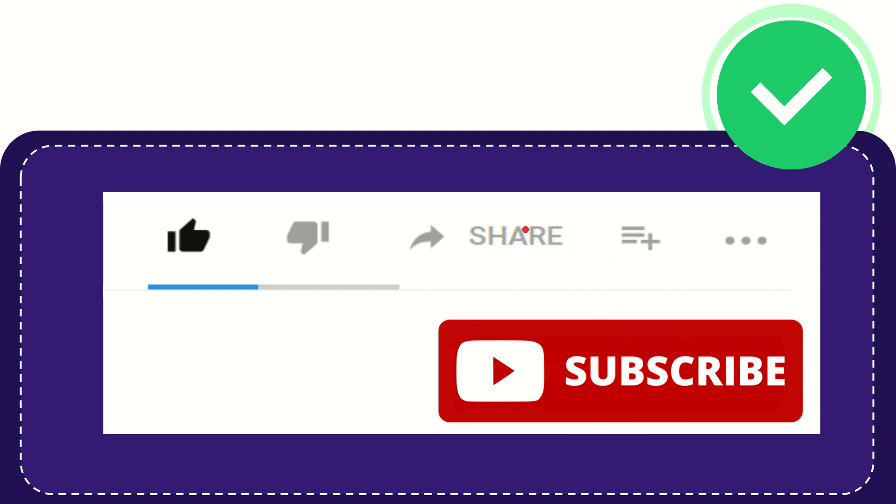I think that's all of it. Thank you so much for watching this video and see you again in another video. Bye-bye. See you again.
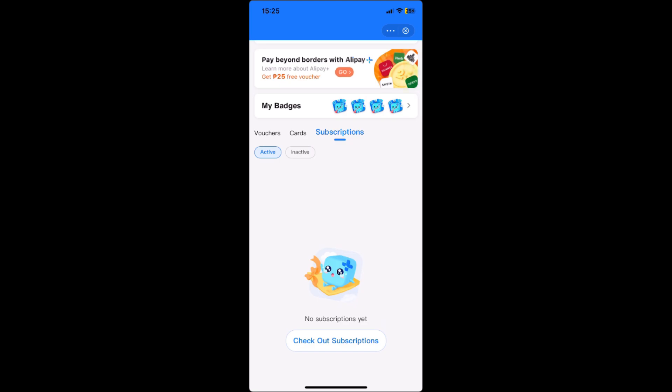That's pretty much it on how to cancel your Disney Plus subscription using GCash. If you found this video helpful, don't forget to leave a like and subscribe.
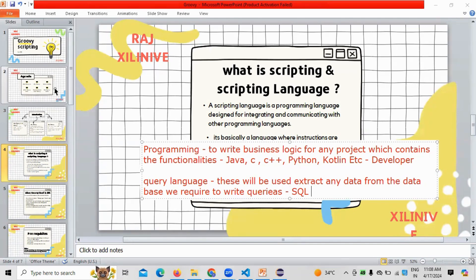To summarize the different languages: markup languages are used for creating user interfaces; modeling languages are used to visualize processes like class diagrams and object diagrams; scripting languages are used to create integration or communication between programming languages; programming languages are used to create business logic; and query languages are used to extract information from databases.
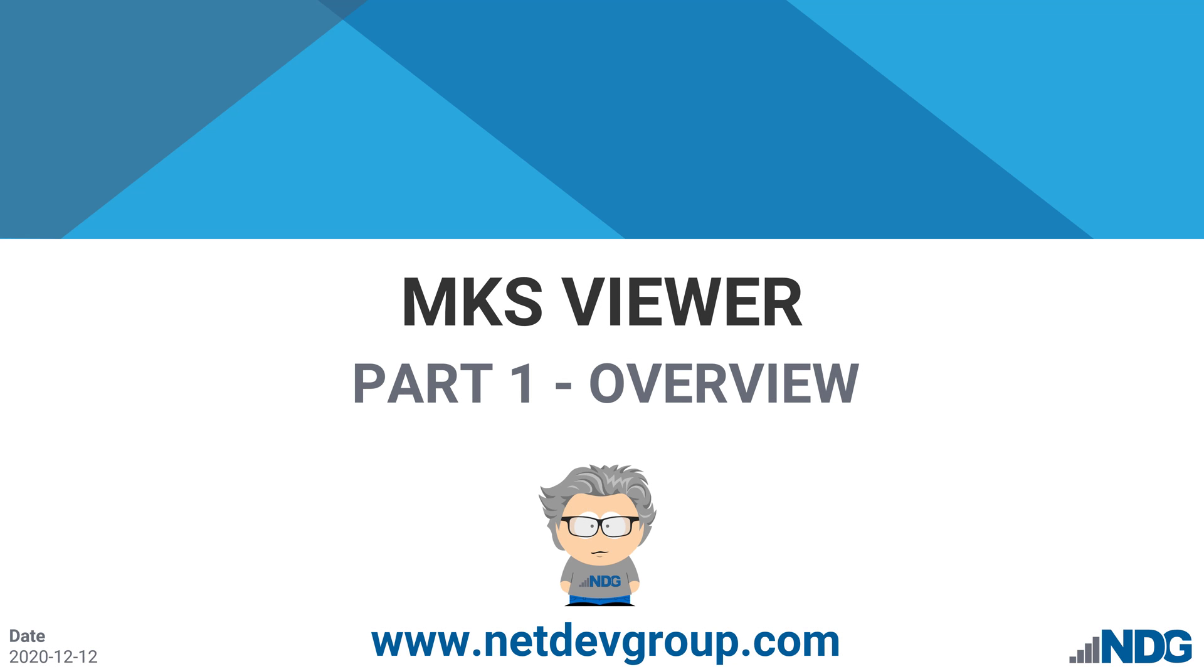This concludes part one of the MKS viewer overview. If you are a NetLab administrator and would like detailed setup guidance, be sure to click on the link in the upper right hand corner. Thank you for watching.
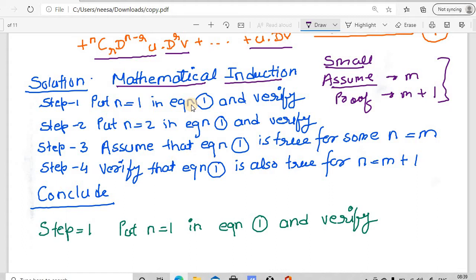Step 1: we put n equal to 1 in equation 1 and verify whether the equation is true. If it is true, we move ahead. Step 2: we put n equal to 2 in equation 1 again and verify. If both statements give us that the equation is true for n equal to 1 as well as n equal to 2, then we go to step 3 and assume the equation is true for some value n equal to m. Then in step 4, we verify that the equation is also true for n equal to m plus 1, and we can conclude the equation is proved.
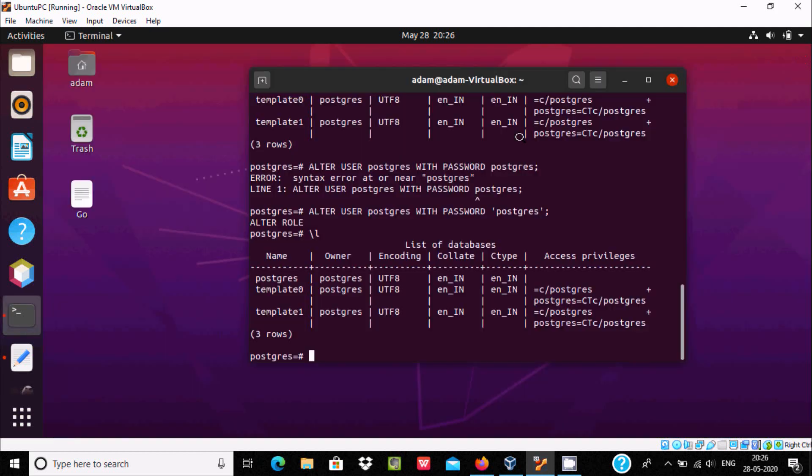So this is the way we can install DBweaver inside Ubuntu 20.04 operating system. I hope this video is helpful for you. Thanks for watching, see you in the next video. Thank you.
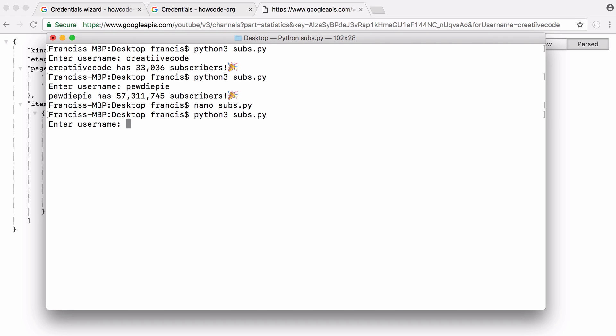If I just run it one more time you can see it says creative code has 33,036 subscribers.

● ● ● ● ● ● ●

- **What to work on**
Verbatim copy with pictures excluded: write out the records above in full.

- **Response to the task**
I think that's all of it. Thank you so much for watching this video and see you again in another video. Bye-bye. See you again.
That's pretty much it on how to cancel your Disney Plus subscription using GCash. If you found this video helpful, don't forget to leave a like and subscribe.
To summarize the different languages: markup languages are used for creating user interfaces; modeling languages are used to visualize processes like class diagrams and object diagrams; scripting languages are used to create integration or communication between programming languages; programming languages are used to create business logic; and query languages are used to extract information from databases.
This concludes part one of the MKS viewer overview. If you are a NetLab administrator and would like detailed setup guidance, be sure to click on the link in the upper right hand corner. Thank you for watching.
Step 1: we put n equal to 1 in equation 1 and verify whether the equation is true. If it is true, we move ahead. Step 2: we put n equal to 2 in equation 1 again and verify. If both statements give us that the equation is true for n equal to 1 as well as n equal to 2, then we go to step 3 and assume the equation is true for some value n equal to m. Then in step 4, we verify that the equation is also true for n equal to m plus 1, and we can conclude the equation is proved.
So this is the way we can install DBweaver inside Ubuntu 20.04 operating system. I hope this video is helpful for you. Thanks for watching, see you in the next video. Thank you.
If I just run it one more time you can see it says creative code has 33,036 subscribers.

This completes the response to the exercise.